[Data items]
★ ★ ★
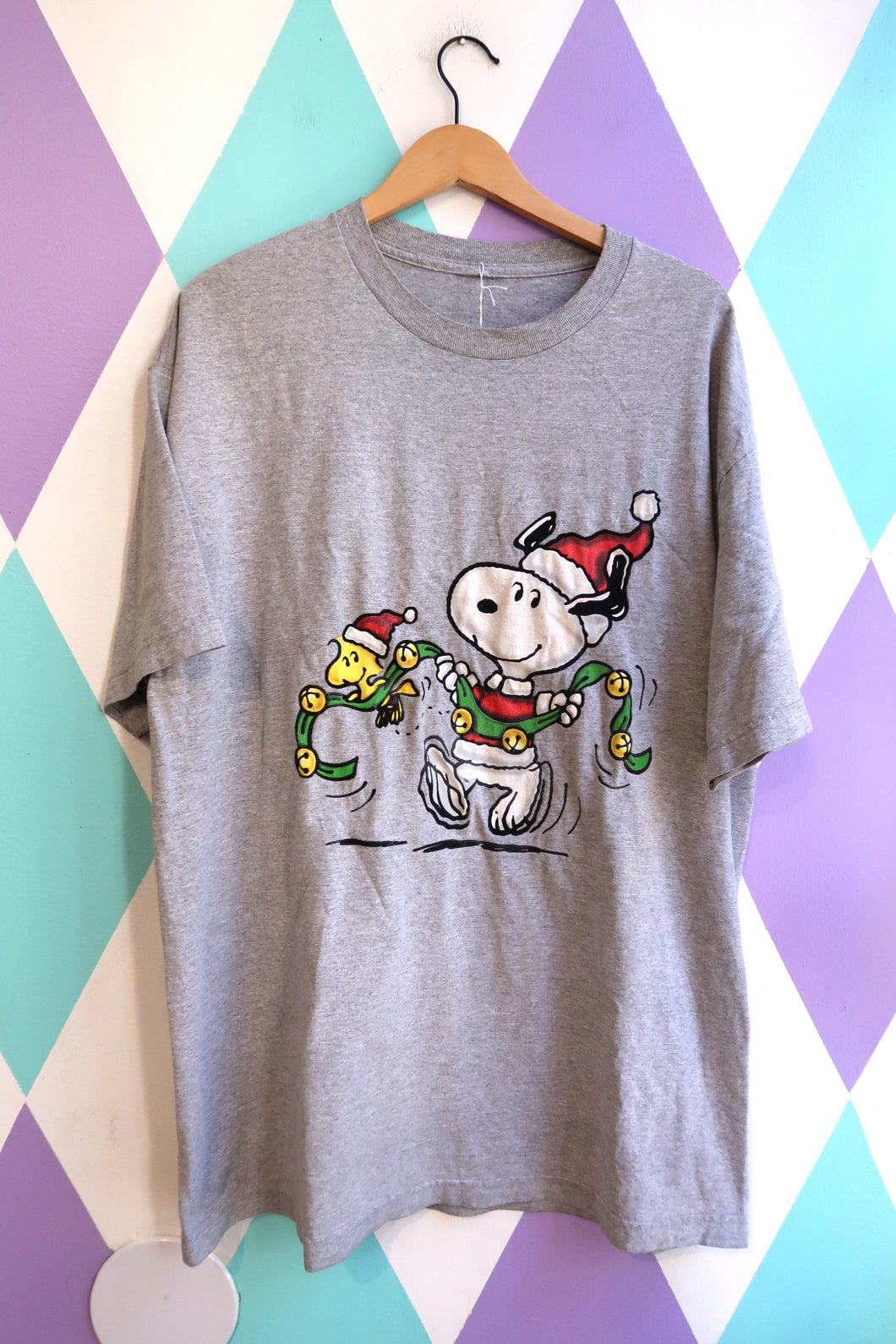 Vintage 2000s Christmas Snoopy Graphic T-Shirt with Holiday Bell Garland Design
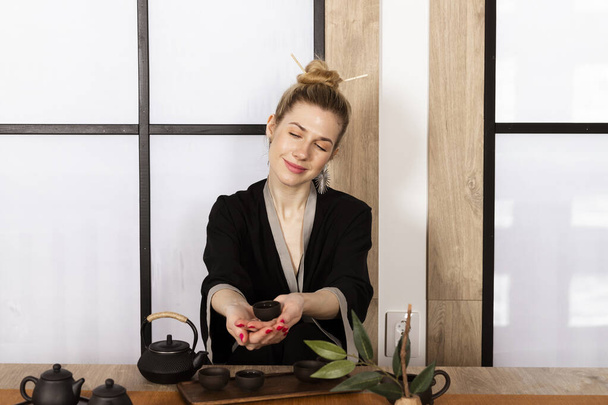 Attraktives weißes Mädchen in Kimono und Haarsträhnen trinkt Tee im japanischen Stil. Japanische Teezeremonie. - Foto, Bild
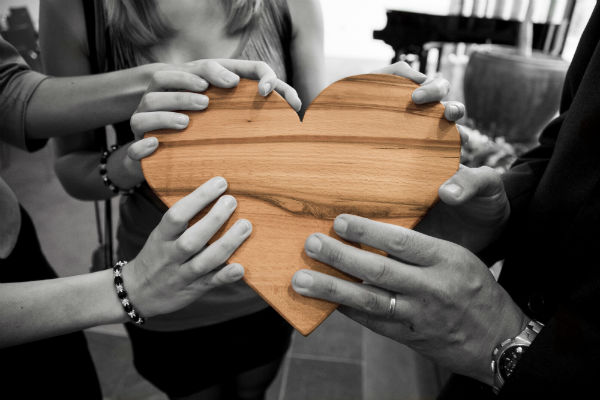 Hands on a wooden heart
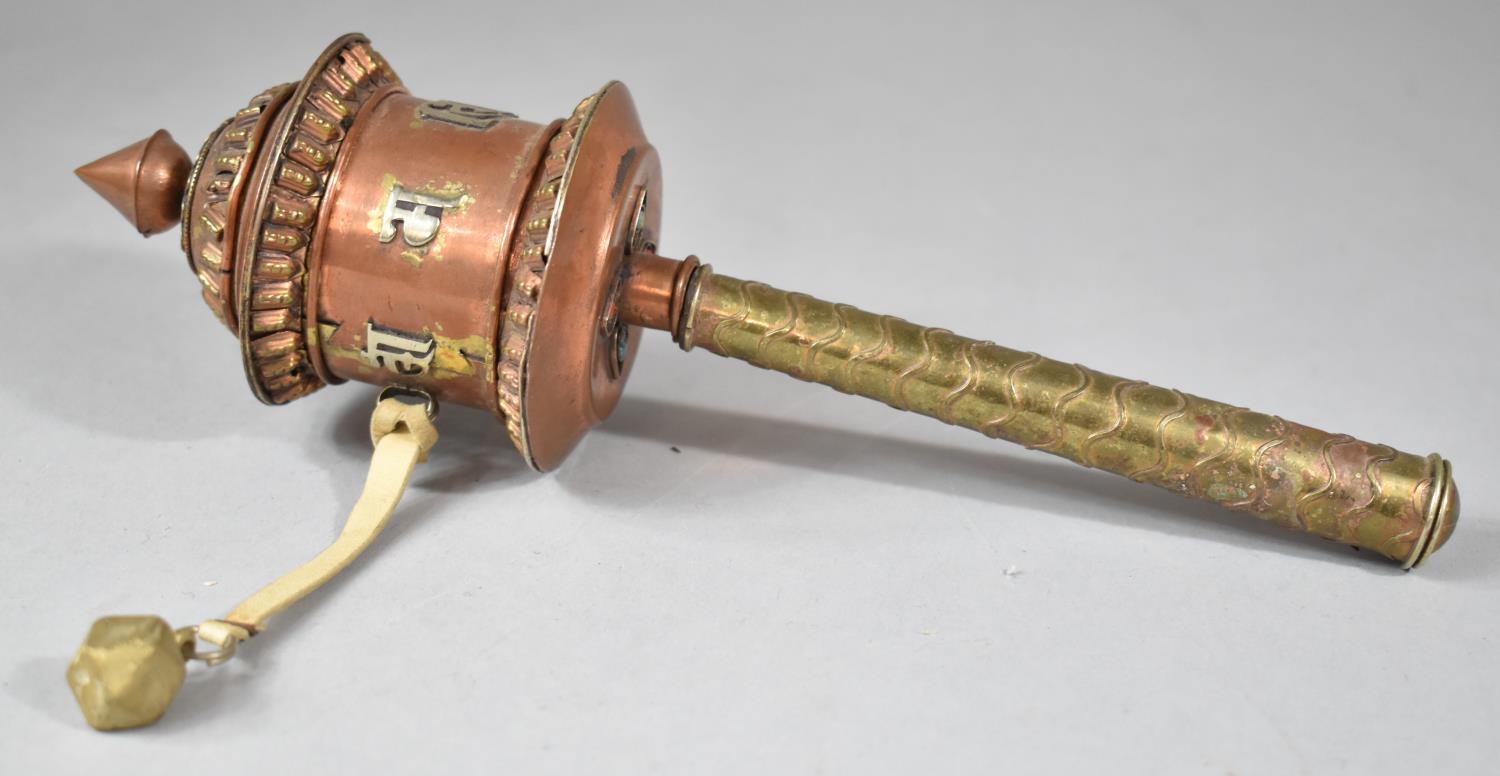 A Mixed Metal and Jewelled North Indian or Burmese Prayer Wheel, 23cm long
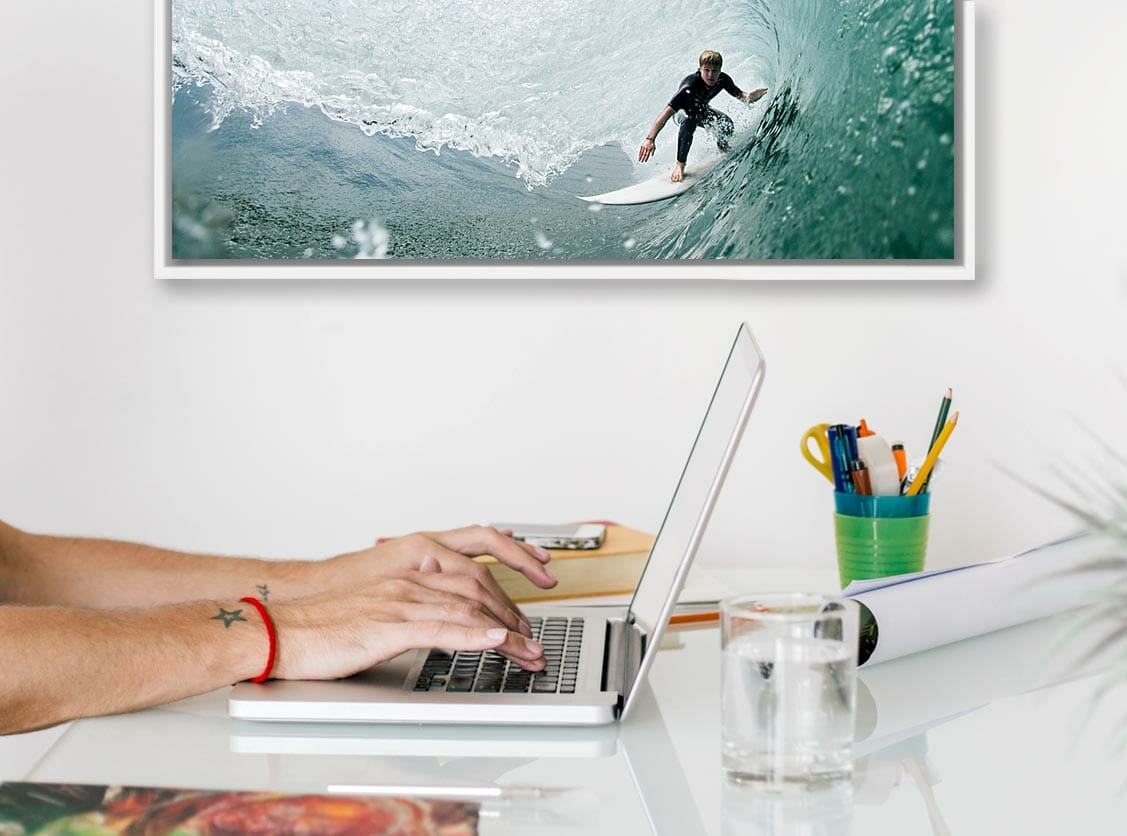 man typing on laptop with photo of surfur on wave
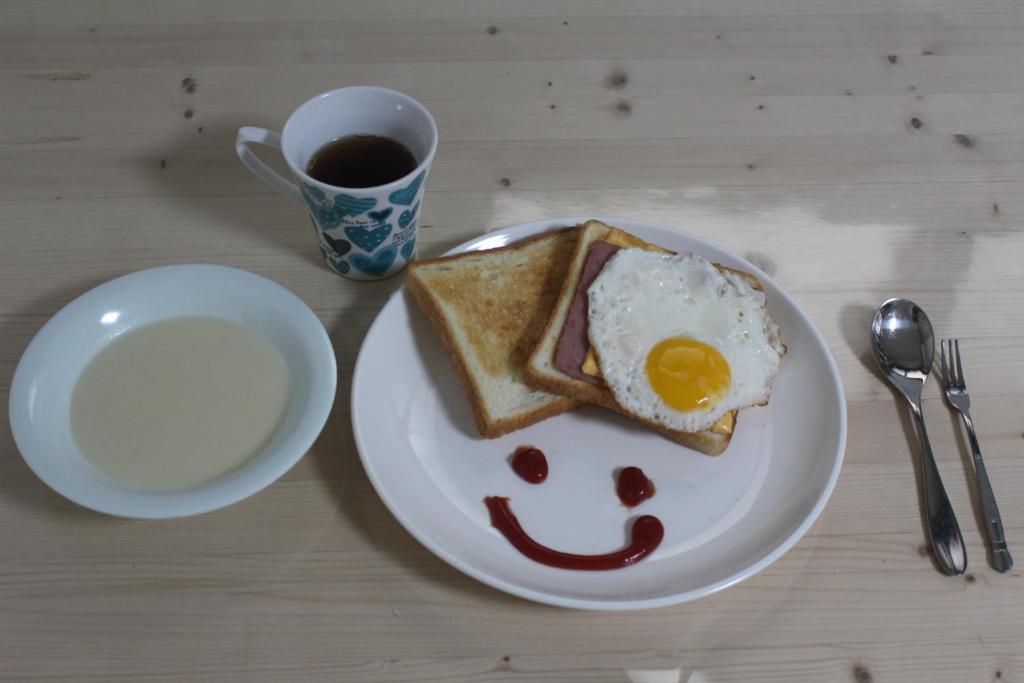 a plate of toast with an egg and a cup of coffee at Dadam Guesthouse in Yeosu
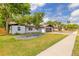 Beautiful home featuring a well-maintained lawn, modern garage door, and clean landscaping at 612 Moonpenny Cir, Port Orange, FL 32127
★ ★ ★
Task details: Repeat, word for word, each of the records, omitting any image they hold.

Output of the task:
 Vintage 2000s Christmas Snoopy Graphic T-Shirt with Holiday Bell Garland Design
 Attraktives weißes Mädchen in Kimono und Haarsträhnen trinkt Tee im japanischen Stil. Japanische Teezeremonie. - Foto, Bild
 Hands on a wooden heart
 A Mixed Metal and Jewelled North Indian or Burmese Prayer Wheel, 23cm long
 man typing on laptop with photo of surfur on wave
 a plate of toast with an egg and a cup of coffee at Dadam Guesthouse in Yeosu
 Beautiful home featuring a well-maintained lawn, modern garage door, and clean landscaping at 612 Moonpenny Cir, Port Orange, FL 32127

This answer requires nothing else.